Statistics suggest that 40% of a manager's day involves putting out "fires. " This is a considerable amount of largely "unproductive" time. This undue cognitive stress, placed on the manager, is something to be avoided at all cost. Imagine how this time waste contributes to what employees might perceive as a lack of leadership. Many studies suggest that this 40% time catch should best be dealt with towards the end of the business day, in that way, you prioritize workflow, and other items which directly contribute to the bottom line.
Making difficult calls can be painful, if not outright mentally draining; however, they must be done. If possible, be direct and to the point when advocating such. Honesty is always the best policy; however, being tactful will showcase your managerial talents in a much positive fashion.
As the old saying goes, "if you can measure it, you can control it." Quality is as much a journey as it is a destination. It starts from the top, and trickles downward throughout the organization.
If you have quality issues, remember that if you can measure such, you may be able to determine the source of the issue that is causing these concerns. When and how much to sample often help us determine the sources for quality concerns.

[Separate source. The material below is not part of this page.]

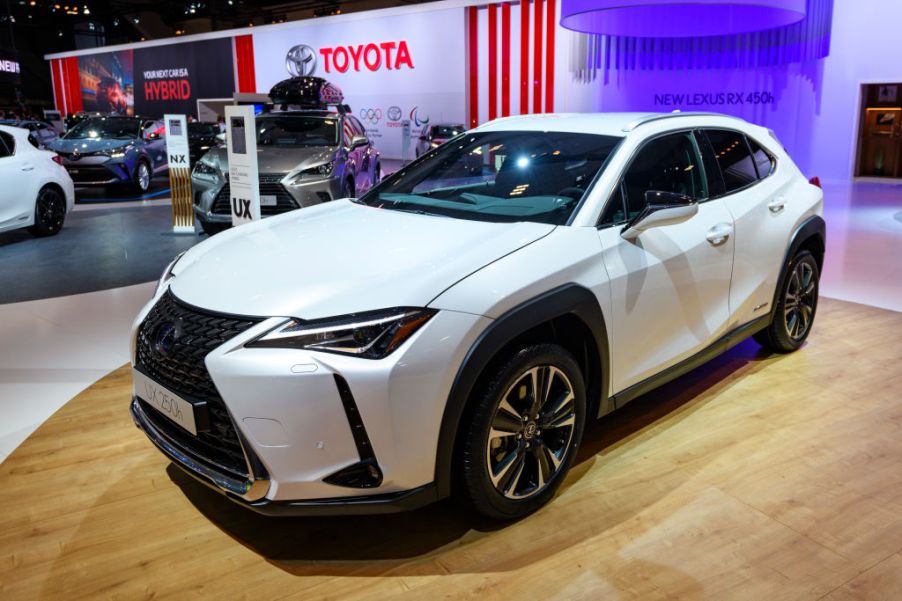 A new Lexus UX SUV on display at an auto show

Perhaps consider using the five "Whys" as a roadmap towards identifying the root cause and resolving your issue[s].
Problem . . . wrong item shipped to customer.

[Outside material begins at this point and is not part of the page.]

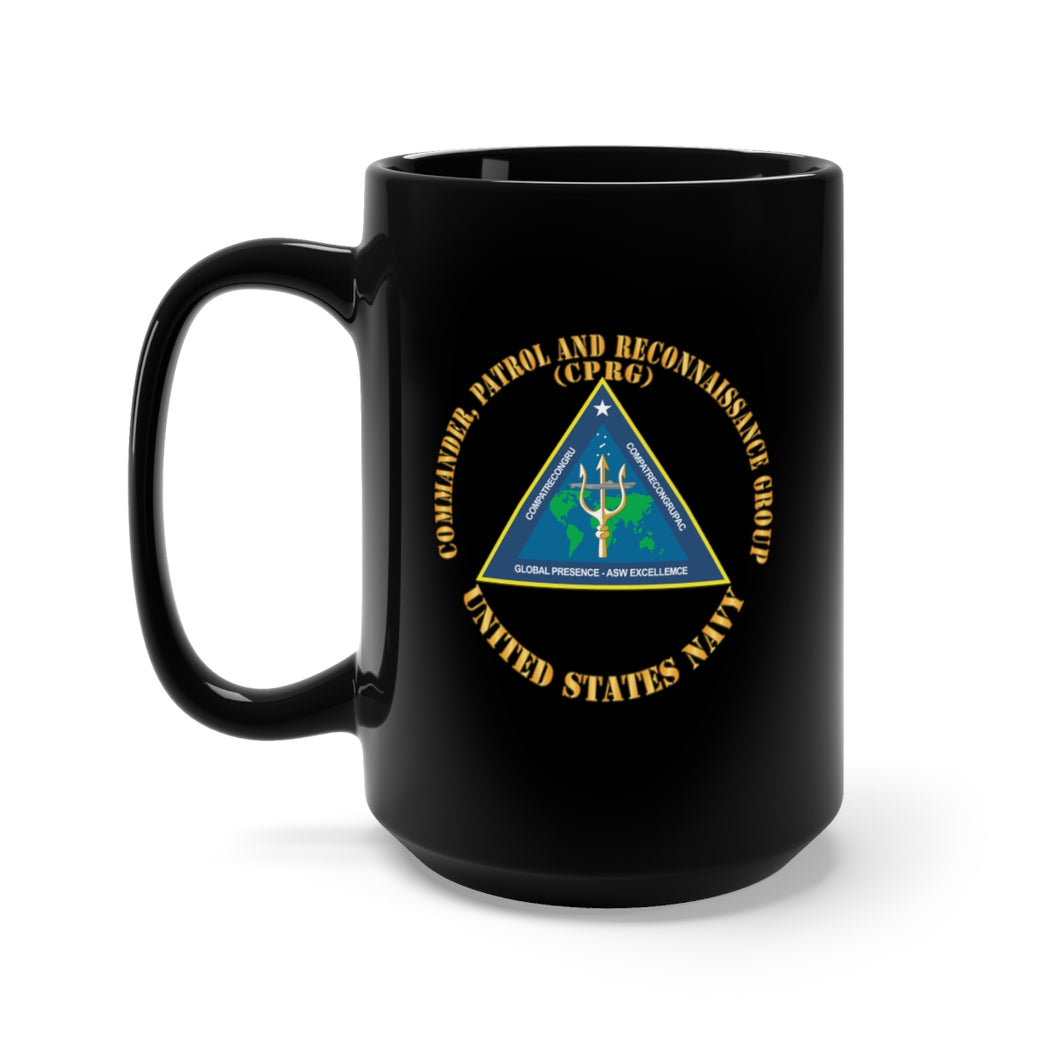 Black Mug 15oz - Navy - Commander, Patrol and Reconnaissance Group - CPRG X 300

Why . . . the wrong item was pulled from inventory
Why . . . the item pulled was mislabeled.
Why . . . the supplier mislabeled prior to shipping
Why . . . the individual simply put the wrong label on the product
Why . . . labels are often preprinted and mistakes happen.

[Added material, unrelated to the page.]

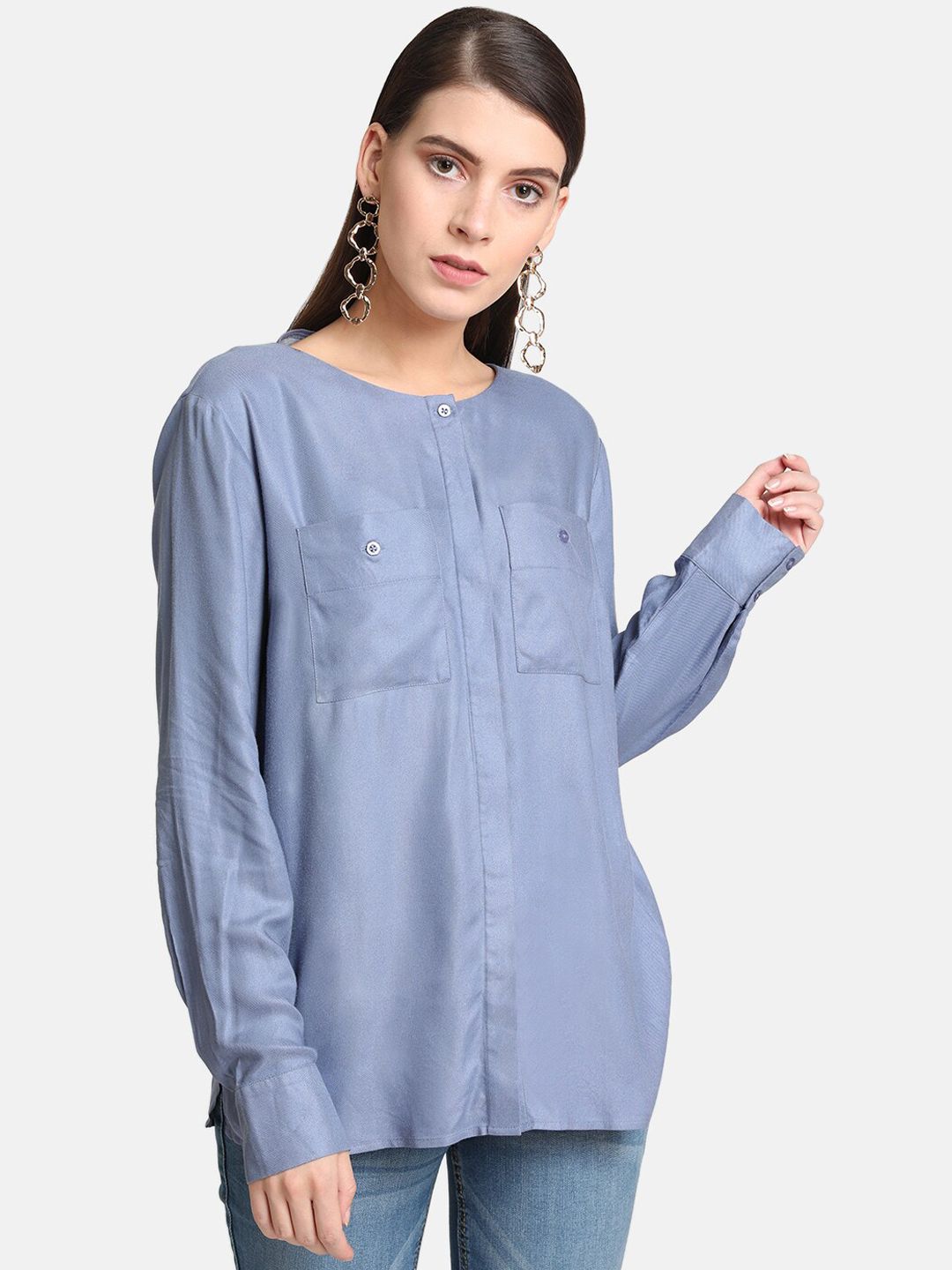 Kazo Women Blue Regular Fit Solid Casual Shirt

Employee productivity, or lack thereof, often stems with having the wrong people "on the floor" at the right time, or, not having access to the equipment, machinery, etc., at the time when employees most need such to complete their jobs. This could be related to lack of scheduling or lack of operating capital to have the right inventory available when needed for processing.
Maintenance and the strategy associated with such, can be either proactive or reactive. Studies suggest that unplanned downtime in the automotive sector can cost a company upwards of $22,000 a minute.